RAYMOND CHANDLER “Guns at Cyrano’s.” Ted Carmady #1. Novelette. First published in Black Mask January 1936 (with the leading character named Ted Malvern). Collected in: Five Murderers, Avon, paperback, 1944; Red Wind, World, hardcover, 1946; The Simple Art of Murder, Houghton Mifflin, hardcover, 1950; Pick-Up on Noon Street, Pocket, paperback, 1952; Stories and Early Novels, Library of America, hardcover, 1995. TV episode: Season 2 Episode 4 of Philip Marlowe, Private Eye, 18 May 1986 (with Powers Boothe as Philip Marlowe).

   Ted Carmady liked the rain; liked the feel of it, the sound of it, the smell of it. He got out of his LaSalle coupe and stood for a while by the side entrance to the Carondelet, the high collar of his blue suede ulster tickling his ears, his hands in his pockets and a limp cigarette sputtering between his lips. Then he went in past the barbershop and the drugstore and the perfume shop with its rows of delicately lighted bottles, ranged like the ensemble in the finale of a Broadway musical.

   “Guns at Cyrano’s” is one of the many short works written by Raymond Chandler for the pulps between 1929 and the publication of his first story “Blackmailer’s Don’t Shoot” and 1938 and the publication of The Big Sleep, the first Philip Marlowe novel.
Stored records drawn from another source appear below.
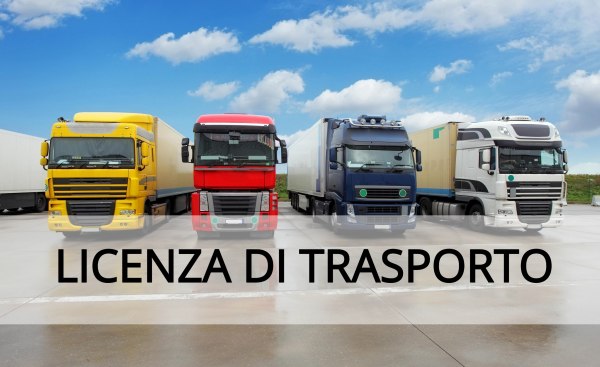 Business unit - Transport license - Bank. 92/2014 - Ancona Law Court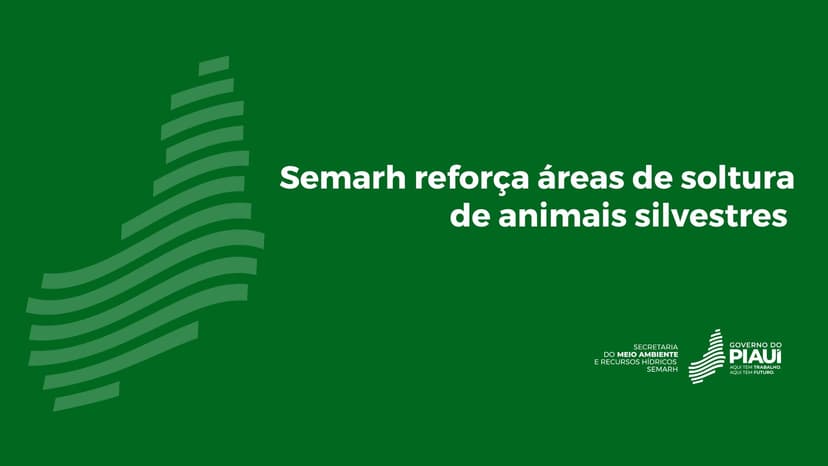 reforca-areas-de-soltura-de-animais-silvestres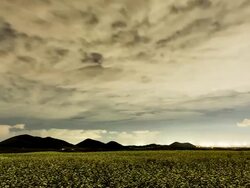 WS T/L ZI View of sky moving on buckwheat flower bed and mountain / Jeju, Jeju Island, South Korea Stock Footage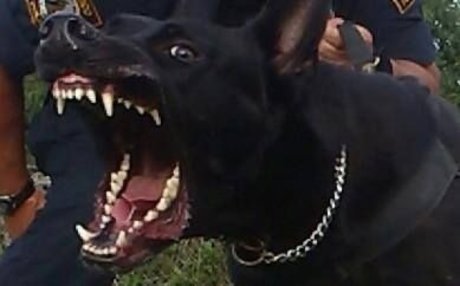 Ace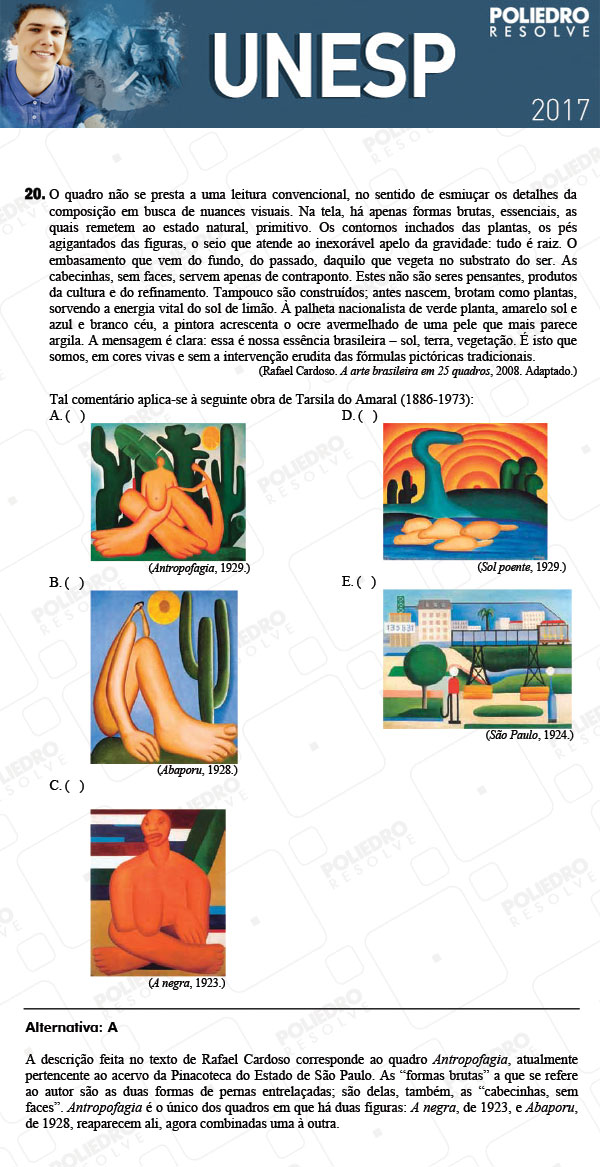 Questão 20 - 1ª Fase - UNESP 2017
It is neither the best nor the worst of the lot (certainly not as good as the John Dalmas stories, particularly “Red Wind”), not even the best of the stories written in the third person (“Spanish Blood” and “Nevada Gas” are both better).
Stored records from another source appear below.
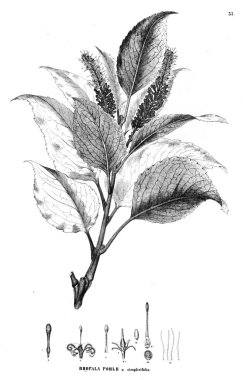 Bitki çizimi. Eski resim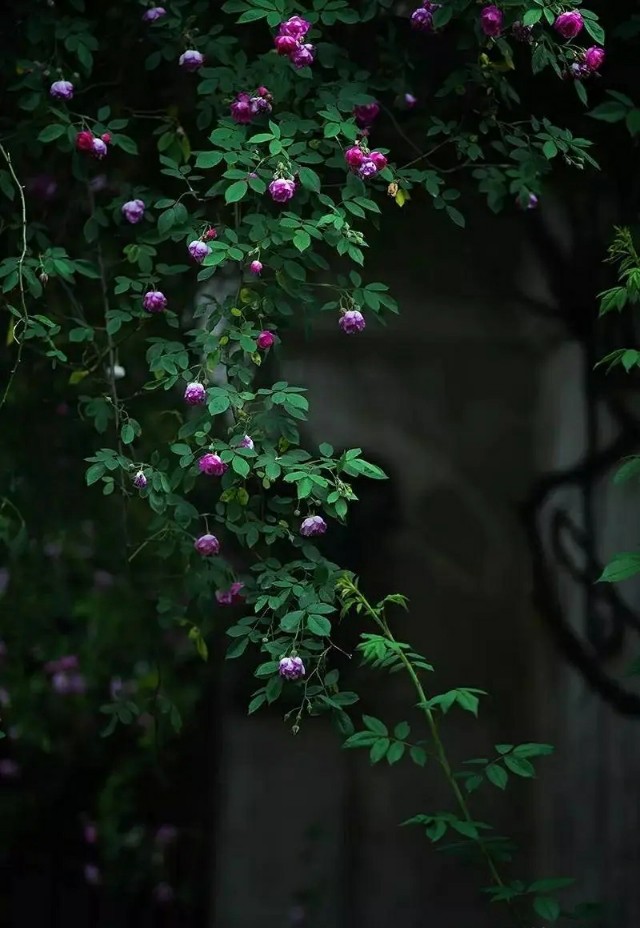 信手辞春，浅夏茵茵，时光清浅，许你安然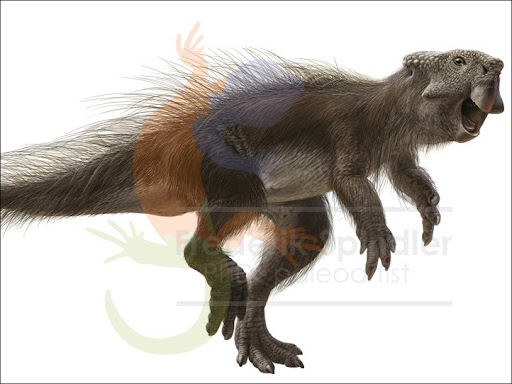cmkosemen's tweet photo. German palaeoartist Frederik Spindler was one of the inspirations behind my vision for #AllYesterdays . Speculative soft tissues, a natural view of animals, and lots of feathers 'n CHONK! And he was creating these in the early 2000s! See more on https://t.co/h2y338Ugbd https://t.co/Ws9cLdXeoB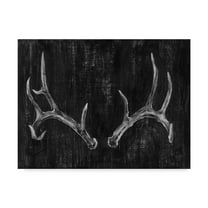 Trademark Fine Art 'UA CH Rustic Antlers II' Canvas Art by Ethan Harper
   I’ll go further, it isn’t even the best of the stories featuring Carmady (here known as Ted Carmady).

   I am not damning with faint praise though, because it is my personal favorite of the early stories, a pulpy B-movie of a boozy rainy noir tale replete with women no better than they have to be, a hero who isn’t so noble he’s boring or hard to believe in, a few innocents, and of course that famous man who walks into the room with a gun just as the lull starts to set in.
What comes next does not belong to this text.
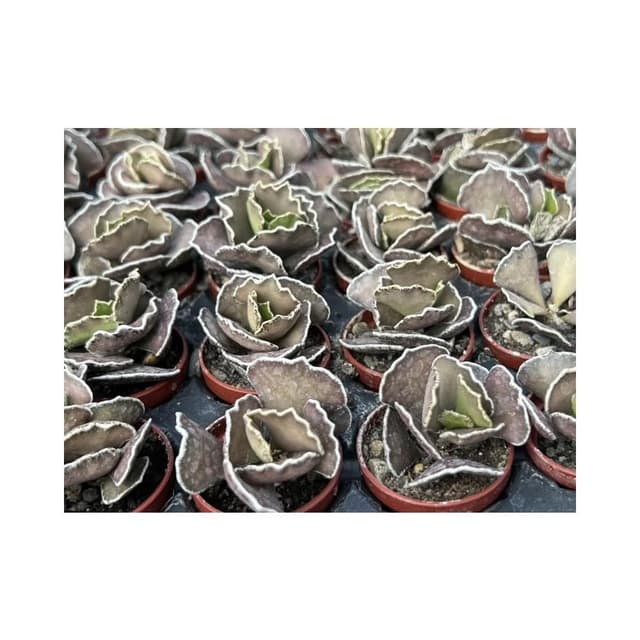 一吋盆 綠雀扇 多肉植物 現貨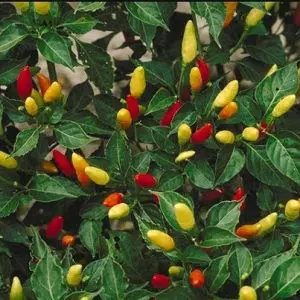 sementes de tabasco 0565 e1495744301107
   Carmady, at least as presented here — and you will be forgiven if you question if this is the same Carmady of “Killer in the Rain” — has money and lives well, unlike anyone else in Chandler’s oveure he is not a private detective (he used to be, and even identifies himself as one at one point, but a rich private eye goes against almost everything Chandler ever wrote elsewhere) nor a good cop or house dick, but instead the son of a father who got his money in a clearly stated illegal way, meaning his son knows a lot of shady people and has a romantic notion that maybe he ought to make up for his father’s sins by helping people in trouble:

   “Okey,” he said thinly. “I’m nosey. So what? This is my town. My dad used to run it. Old Marcus Carmady, the People’s Friend; this is my hotel. I own a piece of it. That snowed–up hoodlum looked like a life–taker to me. Why wouldn’t I want to help out?”

   Here he is headed for the hotel room he lives in when he spots a victim lying in an open doorway.

   She lay on her side, in a sheen of steel–gray lounging pajamas, her cheek pressed into the nap of the hall carpet, her head a mass of thick corn–blond hair, waved with glassy precision. Not a hair looked out of place. She was young, very pretty, and she didn’t look dead.

   Carmady slid down beside her, touched her cheek. It was warm. He lifted the hair softly away from her head and saw the bruise.

   “Sapped.” His lips pressed back against his teeth.

   Frankly at this point you wouldn’t be too shocked if Carmady turned out to have a sobriquet like the Saint or the Toff. Only the language is different, and maybe the attitude, the milieu is pretty much the same.

   The Dame, all women in these stories are some shade of Dames, good, bad, classy, murderous, or saintly, is a chanteuse named Jean Adrian (“I do a number at Cyrano’s.”), no better and no worse than life and men have made her, who likes his whiskey and is loathe to admit she was sapped or explain the.22 he finds beside her.

   Seems Miss Adrian has a boy friend who is a fighter, Duke Targo, and the Boys would like him to drop a fight, and they are trying to get to her through him. Naturally no Chandler hero can let that knightly quest go unmet.

   Of course that knightly quest is far from simple this being Chandler, involving a State Senator being blackmailed, a fixer named Doll Conant (His clothes looked as if they had cost a great deal of money and had been slept in.), an innocent victim to be avenged, and that gunfight at Benny Cyrano’s club from the title.

   Before it is over there is more gunplay (more in this single story than all the Marlowe novels put together), a few beatings, plenty of the kind of tough poetic dialogue Chandler was famous for, and a moral of sorts. It all makes for a satisfying pulp tale with the air of a good B movie and with those little touches that make even early Chandler such a pleasure to read.

   As I said, I like this story much more than it deserves for what it is. I’ve even seen it suggested it is the weakest of the Chandler stories, but it just happens to fit me for some reason, which is all any of us can ask of any story.

   They went through silent streets, past blurred houses, blurred trees, the blurred shine of street lights. There were neon signs behind the thick curtains of mist. There was no sky.

   If, like me you are a sucker for that particular brand of music, “Guns at Cyrano’s” hits all the notes on key, sonata for Thompson Machine Gun in B-Flat.